#### YOUR TASK:
Look through the data for the string "surface". Copy every line where it is found.

#### INPUT FOR THIS TASK:
■ ■ ■ ■

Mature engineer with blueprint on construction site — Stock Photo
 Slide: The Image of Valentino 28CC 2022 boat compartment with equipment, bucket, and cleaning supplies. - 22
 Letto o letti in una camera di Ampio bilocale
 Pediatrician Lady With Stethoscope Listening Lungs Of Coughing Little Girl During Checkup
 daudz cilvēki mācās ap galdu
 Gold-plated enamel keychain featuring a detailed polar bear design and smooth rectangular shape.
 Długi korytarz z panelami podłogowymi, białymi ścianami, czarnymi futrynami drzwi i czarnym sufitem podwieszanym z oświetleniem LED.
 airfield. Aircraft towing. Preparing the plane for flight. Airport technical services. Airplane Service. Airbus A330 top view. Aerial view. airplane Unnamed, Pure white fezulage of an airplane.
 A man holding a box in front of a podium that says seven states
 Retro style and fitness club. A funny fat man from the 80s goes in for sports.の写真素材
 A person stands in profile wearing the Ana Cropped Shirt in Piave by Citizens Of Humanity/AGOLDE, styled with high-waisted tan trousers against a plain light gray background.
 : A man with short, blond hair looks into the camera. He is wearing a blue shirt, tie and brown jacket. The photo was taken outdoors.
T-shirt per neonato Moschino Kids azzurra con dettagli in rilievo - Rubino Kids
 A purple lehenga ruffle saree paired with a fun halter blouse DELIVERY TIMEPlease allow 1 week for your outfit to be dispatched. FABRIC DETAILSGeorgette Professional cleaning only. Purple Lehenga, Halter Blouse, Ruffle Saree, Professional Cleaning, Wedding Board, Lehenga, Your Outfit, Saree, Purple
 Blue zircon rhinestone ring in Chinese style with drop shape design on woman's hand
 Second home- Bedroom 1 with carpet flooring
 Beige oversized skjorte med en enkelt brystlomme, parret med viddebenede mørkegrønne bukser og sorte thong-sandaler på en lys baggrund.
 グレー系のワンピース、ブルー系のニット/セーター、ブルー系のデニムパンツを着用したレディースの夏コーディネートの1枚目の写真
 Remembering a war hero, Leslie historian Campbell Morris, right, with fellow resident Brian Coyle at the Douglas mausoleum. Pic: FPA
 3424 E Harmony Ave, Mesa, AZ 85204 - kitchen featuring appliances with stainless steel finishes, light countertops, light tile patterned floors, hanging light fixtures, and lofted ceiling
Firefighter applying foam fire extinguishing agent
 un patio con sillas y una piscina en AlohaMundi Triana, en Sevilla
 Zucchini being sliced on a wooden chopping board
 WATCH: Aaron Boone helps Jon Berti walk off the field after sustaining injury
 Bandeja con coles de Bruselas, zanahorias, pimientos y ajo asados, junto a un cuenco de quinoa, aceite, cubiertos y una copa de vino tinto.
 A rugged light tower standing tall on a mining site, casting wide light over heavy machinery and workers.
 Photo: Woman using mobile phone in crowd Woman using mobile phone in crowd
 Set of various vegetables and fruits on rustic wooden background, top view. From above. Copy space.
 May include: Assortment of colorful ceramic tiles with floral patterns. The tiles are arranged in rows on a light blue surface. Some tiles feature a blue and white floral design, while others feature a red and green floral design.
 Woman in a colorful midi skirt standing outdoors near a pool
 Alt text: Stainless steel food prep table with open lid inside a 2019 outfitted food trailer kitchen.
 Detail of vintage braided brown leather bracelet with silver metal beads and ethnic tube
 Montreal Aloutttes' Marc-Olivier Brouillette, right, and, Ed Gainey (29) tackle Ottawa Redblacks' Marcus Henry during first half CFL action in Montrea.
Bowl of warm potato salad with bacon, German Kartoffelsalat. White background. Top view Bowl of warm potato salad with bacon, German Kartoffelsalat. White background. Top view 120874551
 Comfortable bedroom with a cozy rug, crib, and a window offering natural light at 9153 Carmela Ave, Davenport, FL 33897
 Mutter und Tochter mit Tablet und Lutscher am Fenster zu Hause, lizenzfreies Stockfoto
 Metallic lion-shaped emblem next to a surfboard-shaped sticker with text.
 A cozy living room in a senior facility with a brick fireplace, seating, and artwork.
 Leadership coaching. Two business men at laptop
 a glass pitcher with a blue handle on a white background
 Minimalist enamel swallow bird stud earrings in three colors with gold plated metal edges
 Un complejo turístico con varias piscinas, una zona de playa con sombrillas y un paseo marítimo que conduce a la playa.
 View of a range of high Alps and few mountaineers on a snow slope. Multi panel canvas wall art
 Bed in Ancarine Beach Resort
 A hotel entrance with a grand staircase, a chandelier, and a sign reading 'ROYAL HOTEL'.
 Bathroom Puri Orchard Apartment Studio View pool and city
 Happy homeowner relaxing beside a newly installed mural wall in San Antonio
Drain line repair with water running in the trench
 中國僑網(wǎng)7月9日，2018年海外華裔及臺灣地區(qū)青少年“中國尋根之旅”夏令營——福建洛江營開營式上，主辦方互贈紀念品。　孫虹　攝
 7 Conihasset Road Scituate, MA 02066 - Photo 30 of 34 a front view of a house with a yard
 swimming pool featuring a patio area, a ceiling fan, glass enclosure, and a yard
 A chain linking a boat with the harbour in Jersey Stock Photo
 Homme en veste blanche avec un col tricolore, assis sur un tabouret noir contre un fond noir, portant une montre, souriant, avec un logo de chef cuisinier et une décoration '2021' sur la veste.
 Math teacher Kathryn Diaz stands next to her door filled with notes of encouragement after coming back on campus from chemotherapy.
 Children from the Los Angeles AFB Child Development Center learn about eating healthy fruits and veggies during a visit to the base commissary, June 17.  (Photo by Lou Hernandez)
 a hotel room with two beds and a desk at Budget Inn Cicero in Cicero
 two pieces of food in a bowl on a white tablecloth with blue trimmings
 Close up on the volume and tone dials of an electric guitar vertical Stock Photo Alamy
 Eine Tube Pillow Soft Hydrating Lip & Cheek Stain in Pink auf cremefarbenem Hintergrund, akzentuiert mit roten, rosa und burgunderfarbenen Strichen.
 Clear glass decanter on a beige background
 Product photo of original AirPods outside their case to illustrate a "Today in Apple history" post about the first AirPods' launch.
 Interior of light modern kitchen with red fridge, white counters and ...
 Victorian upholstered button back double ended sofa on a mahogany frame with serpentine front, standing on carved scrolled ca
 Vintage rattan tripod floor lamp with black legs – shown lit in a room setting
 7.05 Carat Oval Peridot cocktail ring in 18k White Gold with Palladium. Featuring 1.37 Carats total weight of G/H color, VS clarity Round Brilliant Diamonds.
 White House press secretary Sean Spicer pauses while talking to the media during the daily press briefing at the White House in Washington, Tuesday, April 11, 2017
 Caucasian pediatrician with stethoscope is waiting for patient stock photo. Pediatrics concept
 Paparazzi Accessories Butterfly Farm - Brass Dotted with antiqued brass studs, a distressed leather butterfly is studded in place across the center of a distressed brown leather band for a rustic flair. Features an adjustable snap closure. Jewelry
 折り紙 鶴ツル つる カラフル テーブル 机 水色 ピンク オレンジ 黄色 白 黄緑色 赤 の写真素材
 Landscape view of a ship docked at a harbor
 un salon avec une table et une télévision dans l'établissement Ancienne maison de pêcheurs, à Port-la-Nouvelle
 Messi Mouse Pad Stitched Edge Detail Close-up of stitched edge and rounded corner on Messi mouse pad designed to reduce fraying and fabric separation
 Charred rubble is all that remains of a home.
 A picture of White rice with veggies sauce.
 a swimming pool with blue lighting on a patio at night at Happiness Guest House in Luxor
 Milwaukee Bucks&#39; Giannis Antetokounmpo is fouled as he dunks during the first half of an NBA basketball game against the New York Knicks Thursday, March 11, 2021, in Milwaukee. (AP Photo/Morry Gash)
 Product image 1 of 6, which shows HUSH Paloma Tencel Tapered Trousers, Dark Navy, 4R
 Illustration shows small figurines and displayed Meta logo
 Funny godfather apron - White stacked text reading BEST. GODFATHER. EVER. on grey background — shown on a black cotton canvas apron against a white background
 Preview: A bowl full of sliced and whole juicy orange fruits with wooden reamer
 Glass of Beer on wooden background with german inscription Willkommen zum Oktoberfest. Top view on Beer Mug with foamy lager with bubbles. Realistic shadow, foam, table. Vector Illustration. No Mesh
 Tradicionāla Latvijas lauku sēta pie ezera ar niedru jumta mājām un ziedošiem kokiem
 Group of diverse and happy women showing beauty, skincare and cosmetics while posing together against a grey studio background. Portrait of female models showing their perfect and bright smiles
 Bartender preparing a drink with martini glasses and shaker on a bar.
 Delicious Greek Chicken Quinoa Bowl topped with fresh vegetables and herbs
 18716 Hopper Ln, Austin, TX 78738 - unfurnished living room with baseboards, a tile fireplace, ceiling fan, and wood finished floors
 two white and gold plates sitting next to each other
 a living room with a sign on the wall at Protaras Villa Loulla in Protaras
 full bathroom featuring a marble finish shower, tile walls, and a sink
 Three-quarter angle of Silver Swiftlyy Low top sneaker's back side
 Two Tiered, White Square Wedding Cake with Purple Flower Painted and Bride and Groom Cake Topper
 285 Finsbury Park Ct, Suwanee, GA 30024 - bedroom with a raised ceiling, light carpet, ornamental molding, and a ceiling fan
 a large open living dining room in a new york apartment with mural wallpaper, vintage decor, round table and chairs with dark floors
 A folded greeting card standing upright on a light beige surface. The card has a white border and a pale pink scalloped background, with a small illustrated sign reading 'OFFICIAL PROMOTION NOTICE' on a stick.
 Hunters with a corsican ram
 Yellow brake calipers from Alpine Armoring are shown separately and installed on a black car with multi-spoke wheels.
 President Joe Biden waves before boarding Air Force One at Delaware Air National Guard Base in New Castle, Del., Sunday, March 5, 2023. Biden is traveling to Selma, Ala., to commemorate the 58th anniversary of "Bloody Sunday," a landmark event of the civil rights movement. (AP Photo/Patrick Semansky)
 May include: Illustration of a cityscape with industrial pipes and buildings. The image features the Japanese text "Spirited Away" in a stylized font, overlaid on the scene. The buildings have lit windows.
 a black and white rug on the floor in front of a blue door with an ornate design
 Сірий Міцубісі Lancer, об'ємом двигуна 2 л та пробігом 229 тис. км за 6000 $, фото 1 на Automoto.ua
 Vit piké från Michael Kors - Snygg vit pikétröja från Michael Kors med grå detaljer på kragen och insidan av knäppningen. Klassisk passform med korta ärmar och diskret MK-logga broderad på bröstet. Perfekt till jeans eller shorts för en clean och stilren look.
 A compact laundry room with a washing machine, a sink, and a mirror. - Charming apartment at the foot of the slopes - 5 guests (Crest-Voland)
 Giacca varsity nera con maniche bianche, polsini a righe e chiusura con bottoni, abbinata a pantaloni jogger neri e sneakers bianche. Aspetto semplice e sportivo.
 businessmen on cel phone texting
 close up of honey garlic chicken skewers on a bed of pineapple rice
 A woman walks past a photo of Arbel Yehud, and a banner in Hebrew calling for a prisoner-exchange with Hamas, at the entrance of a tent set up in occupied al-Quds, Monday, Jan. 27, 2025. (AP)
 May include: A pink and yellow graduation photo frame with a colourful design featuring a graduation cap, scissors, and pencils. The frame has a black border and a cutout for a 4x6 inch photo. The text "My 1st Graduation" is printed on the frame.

■ ■ ■ ■

#### SOLUTION TO THE EXERCISE:
 May include: Assortment of colorful ceramic tiles with floral patterns. The tiles are arranged in rows on a light blue surface. Some tiles feature a blue and white floral design, while others feature a red and green floral design.
 A folded greeting card standing upright on a light beige surface. The card has a white border and a pale pink scalloped background, with a small illustrated sign reading 'OFFICIAL PROMOTION NOTICE' on a stick.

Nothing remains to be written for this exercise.